The DVD set contains a rather modest selection of extras. The three audio commentaries for the episodes “Duel Citizenship,” “Girls vs. Suits,” and “The Perfect Week” are interesting and occasionally funny, but for a twenty-four episode set, I was hoping for a few more. There are also three Music Videos, showcasing the complete performances of the songs “Super Date,” “Nothing Suits Me Like A Suit,” and “Best Night Ever,” as well as the complete trailer for the fake movie, “The Wedding Bride.” Each video is a slightly extended version of what was seen on television, and it’s nice to be able to access them directly here.
Also included are two behind-the-scenes segments about the making of the song “Super Date” and the 100th episode musical performance. I really enjoyed watching these, as they showed how much time and coordination went into each sequence. It would be great to see more of this sort of thing in future season sets.
Surprisingly, the included “Bloopers” video is both lengthy and very funny. Most of the time, special features like this end up being kind of boring, given that they jump around and are shown out of context, but this actually made me laugh. It really speaks to how well the whole cast and crew works together, and I think longtime fans of the show will enjoy it. Finally, there is a “Series Recap” video. It does a pretty good job covering the basic strokes of everything that has happened in the series so far, but it also made me want to go back and relive some of my favorite moments by watching the old episodes.

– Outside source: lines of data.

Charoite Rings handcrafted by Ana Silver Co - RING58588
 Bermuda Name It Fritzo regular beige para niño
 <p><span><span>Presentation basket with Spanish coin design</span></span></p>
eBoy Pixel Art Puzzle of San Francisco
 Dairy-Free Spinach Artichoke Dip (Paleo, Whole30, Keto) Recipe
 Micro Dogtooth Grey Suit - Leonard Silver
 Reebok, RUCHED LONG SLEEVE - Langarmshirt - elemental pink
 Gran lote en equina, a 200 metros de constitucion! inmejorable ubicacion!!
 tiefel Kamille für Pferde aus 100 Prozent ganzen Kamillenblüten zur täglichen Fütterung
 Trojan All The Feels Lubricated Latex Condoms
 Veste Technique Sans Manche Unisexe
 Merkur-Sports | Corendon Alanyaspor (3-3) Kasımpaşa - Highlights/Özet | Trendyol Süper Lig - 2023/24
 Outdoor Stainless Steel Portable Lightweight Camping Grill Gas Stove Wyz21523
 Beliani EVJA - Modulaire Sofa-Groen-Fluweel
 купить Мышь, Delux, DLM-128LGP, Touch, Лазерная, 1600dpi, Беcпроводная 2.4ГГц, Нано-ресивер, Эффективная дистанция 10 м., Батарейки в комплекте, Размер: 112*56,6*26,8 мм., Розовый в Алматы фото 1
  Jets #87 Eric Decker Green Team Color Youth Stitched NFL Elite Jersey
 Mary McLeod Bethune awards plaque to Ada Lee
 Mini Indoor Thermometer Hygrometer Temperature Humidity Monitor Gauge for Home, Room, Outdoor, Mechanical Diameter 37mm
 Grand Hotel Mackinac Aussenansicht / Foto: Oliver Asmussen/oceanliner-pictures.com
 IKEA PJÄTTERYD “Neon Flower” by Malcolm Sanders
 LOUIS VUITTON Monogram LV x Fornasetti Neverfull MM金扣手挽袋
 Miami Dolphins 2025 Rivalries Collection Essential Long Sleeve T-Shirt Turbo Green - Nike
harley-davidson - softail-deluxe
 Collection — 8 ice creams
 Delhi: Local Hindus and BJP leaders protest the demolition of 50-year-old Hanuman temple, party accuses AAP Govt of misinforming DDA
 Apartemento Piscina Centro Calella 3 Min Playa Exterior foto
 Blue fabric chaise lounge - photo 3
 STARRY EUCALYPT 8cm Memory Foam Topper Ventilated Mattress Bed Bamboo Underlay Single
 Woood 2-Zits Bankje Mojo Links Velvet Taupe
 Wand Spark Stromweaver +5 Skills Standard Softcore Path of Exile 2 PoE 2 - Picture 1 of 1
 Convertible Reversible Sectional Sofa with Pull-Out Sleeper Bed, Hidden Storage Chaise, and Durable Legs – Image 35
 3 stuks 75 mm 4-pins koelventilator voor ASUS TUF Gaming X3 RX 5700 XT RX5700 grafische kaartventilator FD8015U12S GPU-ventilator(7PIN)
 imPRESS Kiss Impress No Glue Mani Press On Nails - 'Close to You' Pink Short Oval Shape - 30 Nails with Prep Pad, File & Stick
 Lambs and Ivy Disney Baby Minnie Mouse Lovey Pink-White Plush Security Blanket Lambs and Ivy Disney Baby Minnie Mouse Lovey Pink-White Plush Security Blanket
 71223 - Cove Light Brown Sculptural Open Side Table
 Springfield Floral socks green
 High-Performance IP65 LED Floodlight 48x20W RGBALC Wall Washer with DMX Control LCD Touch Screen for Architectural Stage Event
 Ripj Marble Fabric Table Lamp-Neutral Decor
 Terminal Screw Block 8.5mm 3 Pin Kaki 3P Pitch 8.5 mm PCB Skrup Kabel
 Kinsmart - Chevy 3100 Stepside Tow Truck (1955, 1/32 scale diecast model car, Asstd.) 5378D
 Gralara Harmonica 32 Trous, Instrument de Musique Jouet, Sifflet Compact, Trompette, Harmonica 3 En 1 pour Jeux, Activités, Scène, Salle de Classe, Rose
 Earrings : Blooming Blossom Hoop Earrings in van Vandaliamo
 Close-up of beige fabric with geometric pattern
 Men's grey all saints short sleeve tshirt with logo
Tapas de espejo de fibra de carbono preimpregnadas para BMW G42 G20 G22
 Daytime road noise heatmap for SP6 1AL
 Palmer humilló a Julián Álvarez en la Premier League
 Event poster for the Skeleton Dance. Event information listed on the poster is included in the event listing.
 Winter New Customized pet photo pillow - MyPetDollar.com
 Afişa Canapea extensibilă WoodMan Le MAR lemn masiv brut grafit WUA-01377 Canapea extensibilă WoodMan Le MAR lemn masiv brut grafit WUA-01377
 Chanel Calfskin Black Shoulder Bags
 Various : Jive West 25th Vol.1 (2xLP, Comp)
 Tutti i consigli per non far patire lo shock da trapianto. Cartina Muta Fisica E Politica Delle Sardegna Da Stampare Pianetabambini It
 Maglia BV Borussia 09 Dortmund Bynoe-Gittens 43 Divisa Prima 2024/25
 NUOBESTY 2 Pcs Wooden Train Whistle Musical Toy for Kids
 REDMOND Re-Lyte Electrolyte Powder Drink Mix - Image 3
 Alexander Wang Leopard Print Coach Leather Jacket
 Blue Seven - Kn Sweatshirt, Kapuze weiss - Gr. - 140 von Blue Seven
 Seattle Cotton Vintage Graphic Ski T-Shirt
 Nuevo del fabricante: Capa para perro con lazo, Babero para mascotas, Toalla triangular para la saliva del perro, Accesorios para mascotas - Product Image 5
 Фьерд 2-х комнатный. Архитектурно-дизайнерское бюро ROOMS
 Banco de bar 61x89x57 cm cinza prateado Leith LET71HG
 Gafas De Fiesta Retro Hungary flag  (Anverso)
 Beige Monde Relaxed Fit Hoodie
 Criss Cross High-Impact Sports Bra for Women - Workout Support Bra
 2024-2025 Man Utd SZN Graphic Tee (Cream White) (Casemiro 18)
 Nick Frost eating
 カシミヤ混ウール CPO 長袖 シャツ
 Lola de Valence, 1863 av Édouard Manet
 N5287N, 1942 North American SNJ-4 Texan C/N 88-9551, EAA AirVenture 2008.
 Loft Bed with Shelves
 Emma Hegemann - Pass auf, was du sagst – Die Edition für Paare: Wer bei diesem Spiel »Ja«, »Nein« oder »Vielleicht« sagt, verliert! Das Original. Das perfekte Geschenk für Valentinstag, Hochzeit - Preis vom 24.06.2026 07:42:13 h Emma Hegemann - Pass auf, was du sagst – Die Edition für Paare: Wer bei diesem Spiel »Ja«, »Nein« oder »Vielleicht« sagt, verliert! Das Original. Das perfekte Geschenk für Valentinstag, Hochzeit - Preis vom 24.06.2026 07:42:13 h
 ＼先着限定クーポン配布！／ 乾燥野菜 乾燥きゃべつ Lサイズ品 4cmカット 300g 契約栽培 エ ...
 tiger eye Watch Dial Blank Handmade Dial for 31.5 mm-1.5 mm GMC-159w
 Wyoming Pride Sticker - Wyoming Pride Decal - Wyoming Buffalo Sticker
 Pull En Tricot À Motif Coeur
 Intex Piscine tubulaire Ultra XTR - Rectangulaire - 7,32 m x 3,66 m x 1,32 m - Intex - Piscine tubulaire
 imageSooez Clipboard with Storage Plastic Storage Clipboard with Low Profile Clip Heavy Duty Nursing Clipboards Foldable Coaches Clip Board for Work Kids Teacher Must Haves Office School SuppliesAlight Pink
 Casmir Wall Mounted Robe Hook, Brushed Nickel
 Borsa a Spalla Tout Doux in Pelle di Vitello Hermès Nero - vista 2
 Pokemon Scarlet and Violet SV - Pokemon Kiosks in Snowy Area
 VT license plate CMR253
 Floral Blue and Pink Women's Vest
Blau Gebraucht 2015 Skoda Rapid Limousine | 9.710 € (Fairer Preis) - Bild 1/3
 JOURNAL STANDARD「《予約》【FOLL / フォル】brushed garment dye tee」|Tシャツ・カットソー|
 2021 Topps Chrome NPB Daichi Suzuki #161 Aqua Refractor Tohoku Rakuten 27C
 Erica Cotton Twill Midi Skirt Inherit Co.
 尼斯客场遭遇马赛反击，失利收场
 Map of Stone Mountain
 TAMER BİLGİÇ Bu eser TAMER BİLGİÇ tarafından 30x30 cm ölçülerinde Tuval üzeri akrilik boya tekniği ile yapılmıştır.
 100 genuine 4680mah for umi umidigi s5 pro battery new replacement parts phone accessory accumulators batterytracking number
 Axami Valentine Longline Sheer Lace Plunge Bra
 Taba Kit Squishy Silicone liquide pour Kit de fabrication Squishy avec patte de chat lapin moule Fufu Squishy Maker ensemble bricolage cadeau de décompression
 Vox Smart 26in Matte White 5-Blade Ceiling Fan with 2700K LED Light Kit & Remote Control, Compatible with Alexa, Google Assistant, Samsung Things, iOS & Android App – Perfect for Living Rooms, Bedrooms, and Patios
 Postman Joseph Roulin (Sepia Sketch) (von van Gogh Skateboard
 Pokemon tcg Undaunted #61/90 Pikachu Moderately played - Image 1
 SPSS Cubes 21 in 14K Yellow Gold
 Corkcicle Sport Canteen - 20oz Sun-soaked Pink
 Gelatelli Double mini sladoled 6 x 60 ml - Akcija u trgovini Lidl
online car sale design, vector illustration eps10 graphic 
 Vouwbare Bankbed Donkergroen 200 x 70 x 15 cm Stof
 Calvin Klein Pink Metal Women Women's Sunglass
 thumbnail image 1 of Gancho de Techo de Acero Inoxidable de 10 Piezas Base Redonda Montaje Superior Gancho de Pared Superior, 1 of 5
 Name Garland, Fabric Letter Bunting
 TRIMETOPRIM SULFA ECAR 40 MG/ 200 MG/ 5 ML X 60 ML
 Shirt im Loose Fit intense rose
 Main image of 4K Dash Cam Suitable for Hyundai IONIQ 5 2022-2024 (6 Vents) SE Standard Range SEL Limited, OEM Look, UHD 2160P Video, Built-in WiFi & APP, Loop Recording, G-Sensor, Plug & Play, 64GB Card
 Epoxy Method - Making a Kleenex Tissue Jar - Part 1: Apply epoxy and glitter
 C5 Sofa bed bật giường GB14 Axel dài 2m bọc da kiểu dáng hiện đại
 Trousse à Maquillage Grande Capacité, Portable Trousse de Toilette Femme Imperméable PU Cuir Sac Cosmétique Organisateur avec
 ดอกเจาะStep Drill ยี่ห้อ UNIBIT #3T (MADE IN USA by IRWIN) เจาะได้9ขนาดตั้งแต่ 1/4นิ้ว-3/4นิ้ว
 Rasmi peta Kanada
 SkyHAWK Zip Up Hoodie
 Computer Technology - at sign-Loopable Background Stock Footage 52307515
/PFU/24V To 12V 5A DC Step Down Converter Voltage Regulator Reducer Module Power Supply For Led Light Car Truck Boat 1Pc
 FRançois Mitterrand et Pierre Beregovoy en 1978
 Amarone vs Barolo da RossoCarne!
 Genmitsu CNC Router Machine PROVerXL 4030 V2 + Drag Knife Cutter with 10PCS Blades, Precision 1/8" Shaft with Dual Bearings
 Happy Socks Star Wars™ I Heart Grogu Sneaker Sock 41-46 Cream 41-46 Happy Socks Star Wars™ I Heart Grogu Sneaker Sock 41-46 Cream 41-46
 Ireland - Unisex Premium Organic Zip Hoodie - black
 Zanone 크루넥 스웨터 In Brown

Season five may not go down as one of the show’s best seasons, but it still provided plenty of laughs and memorable moments, especially throughout the latter half. I can’t fault the writers for trying a few new ideas that didn’t quite pan out, because they have been so good at adjusting the show and getting things back on course when necessary. I wish there were a few more extras in this set, but I can still confidently recommend it to any and all fans of the series.